Angelina Jolie has received a standing ovation at the Telluride Film Festival for her new film about a girl who lived in Cambodia during the genocide of the Khmer Rouge regime.
First They Killed My Father, which Jolie directed and co-wrote, documents author Loung Ung's experience as a child soldier under the brutal Khmer Rouge regime that seized control of Cambodia in 1975, brutalising the people and inflicting a reign of terror.
Jolie attended the event with her entire brood of six: Maddox, 16; Pax, 13; Zahara, 12; Shiloh, 11 and twins Vivienne and Knox, 9.
Jolie's adopted Maddox from a Cambodian orphanage in 2002 and she spoke movingly about her experience after screening the film for Cambodian survivors, an effort that involved the co-operation of the king as well as the government.
"We ended up at Terrace of the Elephant in Angkor Wat, which is very special to the Cambodian people, screening outside, and it was extraordinary.
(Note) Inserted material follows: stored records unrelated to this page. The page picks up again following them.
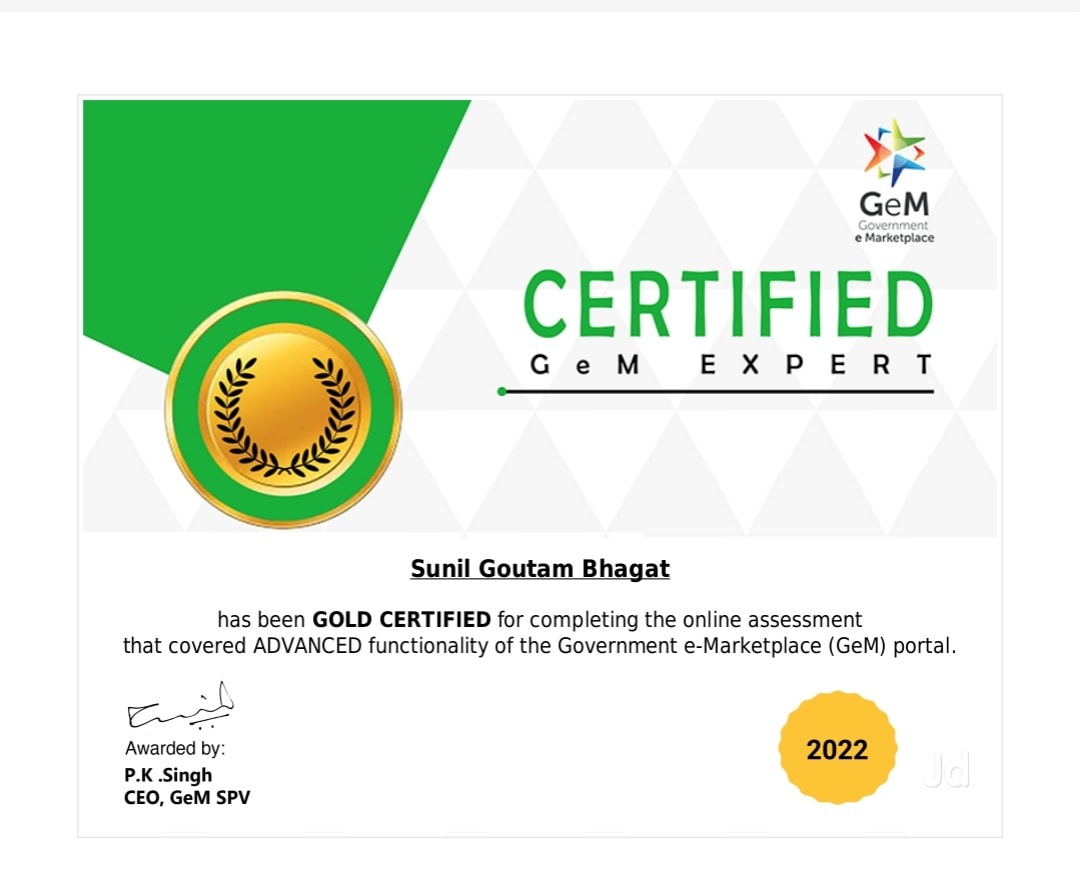 Daksh Tax Consultancy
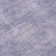Machine Washable Indoor/Outdoor Chayden ACN1018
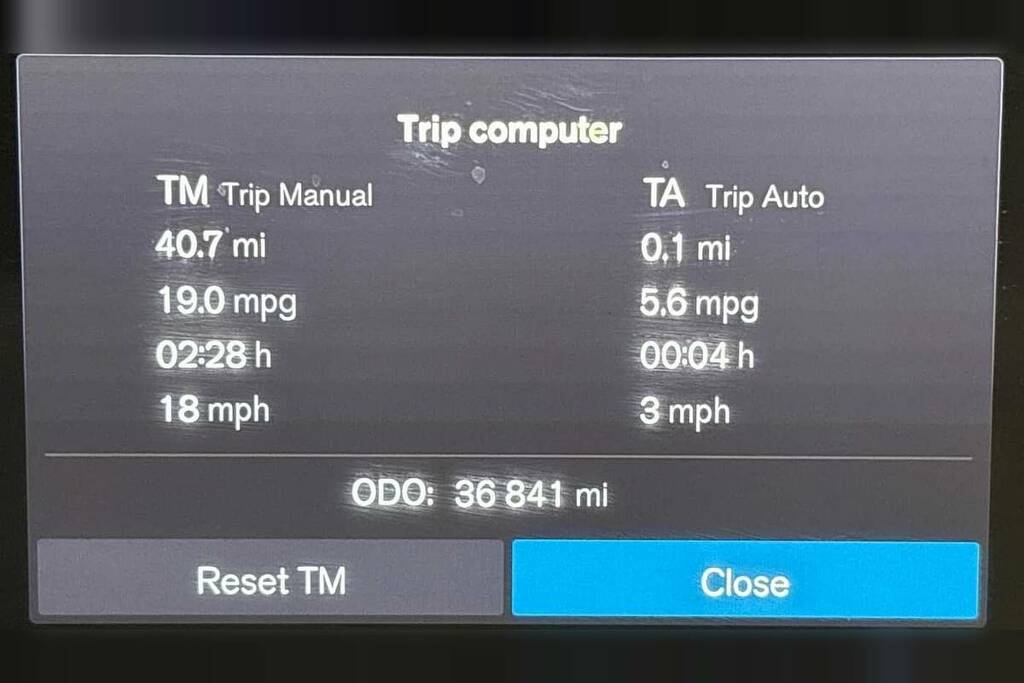 Volvo XC60 2.0 B4d Plus Dark Awd Geartronic Black #8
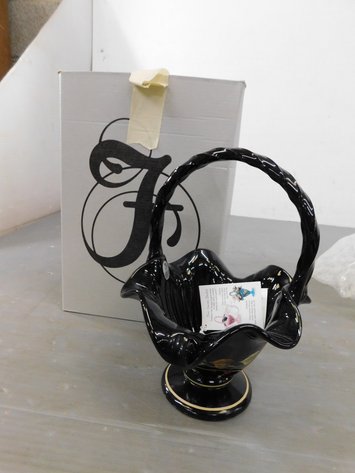 Image for Absolute Online Auction #2019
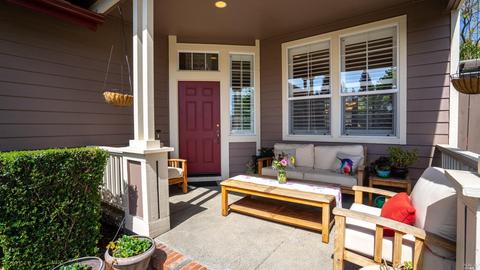 1136 Rachael Ln, Windsor, CA 95492 photo 2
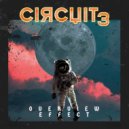 Circuit3 - Overview Effect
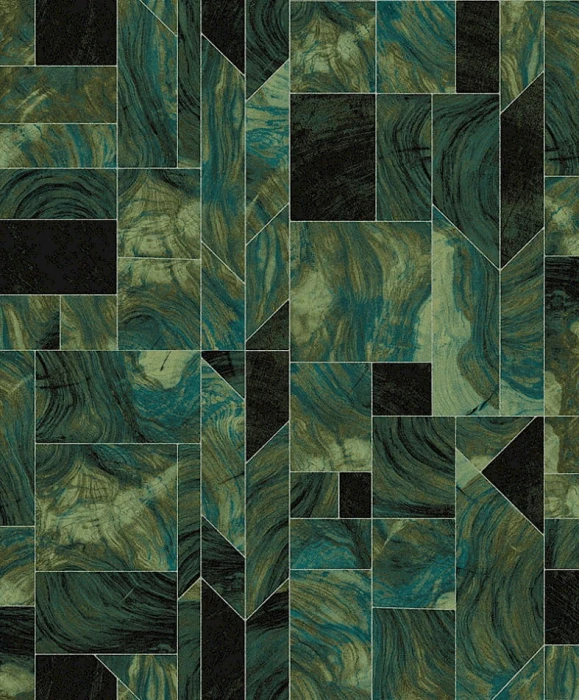 f87449b3a579fff493f0e21cfaa44423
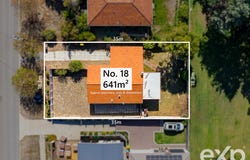 18 Pegasus Street, Rockingham, WA 6168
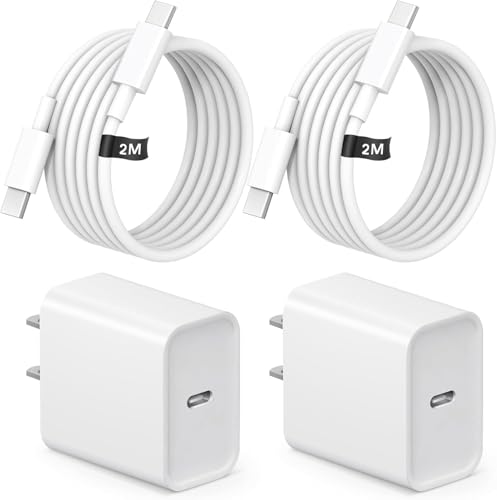 Amazon | iPhone17 iPhone16 /iPhone15 充電器 Type-C PD-20W 急速充電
It was so moving to see everybody watch. A lot of them said that night they were able to talk about it for the first time," Jolie said.
Relaxing onstage after the LA screening, Jolie admitted that during a visit several years ago she was "struck by how ignorant I was about what had happened" in Cambodia.
"I met people who had returned from the border camps, and was warned about land mines. But most of all I met people whose spirits were high. They're so generous, they're so gracious, their culture is so strong and I was so impressed by them. And during that trip I picked up a $2 book on a street corner, and it was her book. It changed my life."
First They Killed My Father will premiere on September on Netflix.